The next question to ask is the performance of the QUICK method. By using only a small percent of the original data, can we still do as good as standard learners like k-NN and CART? Our experiments showed that "we can" and that is the beauty of it. We can find a really small subset of the data that contains the essential content and still perform as good as standard learners that use all the data. To summarize, our data sets may be not as big as we think they are!

If you have read until this point, I believe I have your attention and I may convince you to take a look at our paper for much more details.
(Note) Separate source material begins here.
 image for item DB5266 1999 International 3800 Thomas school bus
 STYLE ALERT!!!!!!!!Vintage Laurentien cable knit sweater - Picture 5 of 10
In case I convinced you, below is the abstract and here is the link of the paper.


Active Learning and Effort Estimation: Finding the Essential Content
of Software Effort Estimation Data 
Ekrem Kocaguneli, Student Member, IEEE, Tim Menzies, Member, IEEE, Jacky Keung, Member, IEEE, David Cok, Member, IEEE, Ray Madachy, Member, IEEE
Background: Do we always need complex methods for software effort estimation (SEE)? 
Aim: To characterize the essential content of SEE data; i.e. the least number of features and instances required to capture the information within SEE data. If the essential content is very small then (1) the contained information must be very brief and (2) the value-added of complex learning schemes must be minimal. 
Method: Our QUICK method computes the Euclidean distance between rows (instances) and columns (features) of SEE data; then prunes synonyms (similar features) and outliers (distant instances); then assesses the reduced data by comparing predictions from (1) a simple learner using the reduced data and (2) a state-of-the-art learner (CART) using all data. Performance is measured using hold-out experiments and expressed in terms of mean and median MRE, MAR, PRED(25), MBRE, MIBRE, or MMER. 
Results: For 18 data sets, QUICK pruned 69% to 96% of the training data (median=89%). K=1 nearest neighbor predictions (in the reduced data) performed as well as CART’s predictions (using all data). 
Conclusion: The essential content of some SEE data sets is very small. Complex estimation methods may be over-elaborate for such data sets and can be simplified. We offer QUICK as an example of such a simpler SEE method.